Na presença do presidente Lula, dos presidentes do Senado, Davi Alcolumbre, e da Câmara dos Deputados, Hugo Motta, além de ministros do STF, Fachin afirmou: “Abrimos o ano judiciário de 2026 com plena consciência de que momentos de adversidade exigem mais do que discursos: pedem responsabilidade institucional, clareza de limites e fidelidade absoluta à Constituição da República”, afirmou.
“E conferem respeito à liberdade de expressão e de imprensa que não são concessões, uma vez que estruturam o debate público e oxigenam a democracia.

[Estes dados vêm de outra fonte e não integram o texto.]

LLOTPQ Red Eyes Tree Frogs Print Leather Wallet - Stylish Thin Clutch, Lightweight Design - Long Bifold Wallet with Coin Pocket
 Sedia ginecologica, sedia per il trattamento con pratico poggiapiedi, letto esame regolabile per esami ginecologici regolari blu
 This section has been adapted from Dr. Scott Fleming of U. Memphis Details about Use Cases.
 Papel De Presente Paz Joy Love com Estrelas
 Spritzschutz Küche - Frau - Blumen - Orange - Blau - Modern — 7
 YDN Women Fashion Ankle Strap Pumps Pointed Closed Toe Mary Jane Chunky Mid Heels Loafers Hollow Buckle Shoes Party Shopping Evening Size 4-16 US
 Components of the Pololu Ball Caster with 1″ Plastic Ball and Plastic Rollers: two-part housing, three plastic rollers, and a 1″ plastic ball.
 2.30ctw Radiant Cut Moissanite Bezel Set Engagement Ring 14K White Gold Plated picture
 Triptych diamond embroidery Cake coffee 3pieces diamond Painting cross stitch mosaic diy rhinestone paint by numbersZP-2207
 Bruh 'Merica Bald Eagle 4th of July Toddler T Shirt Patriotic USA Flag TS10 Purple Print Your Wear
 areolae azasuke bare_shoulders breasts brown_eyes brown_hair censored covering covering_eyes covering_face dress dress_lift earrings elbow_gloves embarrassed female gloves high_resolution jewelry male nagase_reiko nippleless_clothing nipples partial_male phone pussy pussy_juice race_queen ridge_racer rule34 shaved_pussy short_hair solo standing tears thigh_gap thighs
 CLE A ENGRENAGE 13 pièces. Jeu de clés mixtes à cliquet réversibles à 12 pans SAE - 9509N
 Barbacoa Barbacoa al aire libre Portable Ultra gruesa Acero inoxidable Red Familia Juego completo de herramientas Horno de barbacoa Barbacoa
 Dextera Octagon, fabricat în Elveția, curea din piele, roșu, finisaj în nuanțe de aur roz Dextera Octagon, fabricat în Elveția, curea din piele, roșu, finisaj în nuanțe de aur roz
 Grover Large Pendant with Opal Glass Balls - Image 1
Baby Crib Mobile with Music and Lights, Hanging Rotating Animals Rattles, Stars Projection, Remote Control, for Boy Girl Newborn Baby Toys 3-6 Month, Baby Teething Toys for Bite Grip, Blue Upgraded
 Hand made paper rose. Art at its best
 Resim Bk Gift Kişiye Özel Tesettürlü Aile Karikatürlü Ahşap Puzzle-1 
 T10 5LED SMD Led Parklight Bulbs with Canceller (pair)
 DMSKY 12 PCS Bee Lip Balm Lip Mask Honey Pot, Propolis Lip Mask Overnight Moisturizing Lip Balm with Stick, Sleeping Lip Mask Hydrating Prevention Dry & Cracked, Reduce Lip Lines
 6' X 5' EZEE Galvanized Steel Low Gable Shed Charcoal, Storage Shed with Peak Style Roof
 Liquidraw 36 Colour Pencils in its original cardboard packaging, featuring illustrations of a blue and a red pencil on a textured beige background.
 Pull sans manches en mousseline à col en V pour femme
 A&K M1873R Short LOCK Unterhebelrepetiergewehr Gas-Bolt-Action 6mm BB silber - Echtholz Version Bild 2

A crítica republicana não é mesmo ameaça à democracia”, prosseguiu Fachin.
A retomada das atividades ocorre em meio ao avanço do inquérito do caso Master, sob relatoria do ministro Dias Toffoli.
Durante o recesso, Fachin antecipou o retorno a Brasília para administrar a crise institucional gerada em torno do processo. O presidente do STF tem conversado com outros ministros na tentativa de construir e aprovar um Código de Conduta.
Como mostrou o Metrópoles, apesar da intenção de Fachin, até agora não há documento formal com diretrizes definidas, apenas discussões internas entre os magistrados.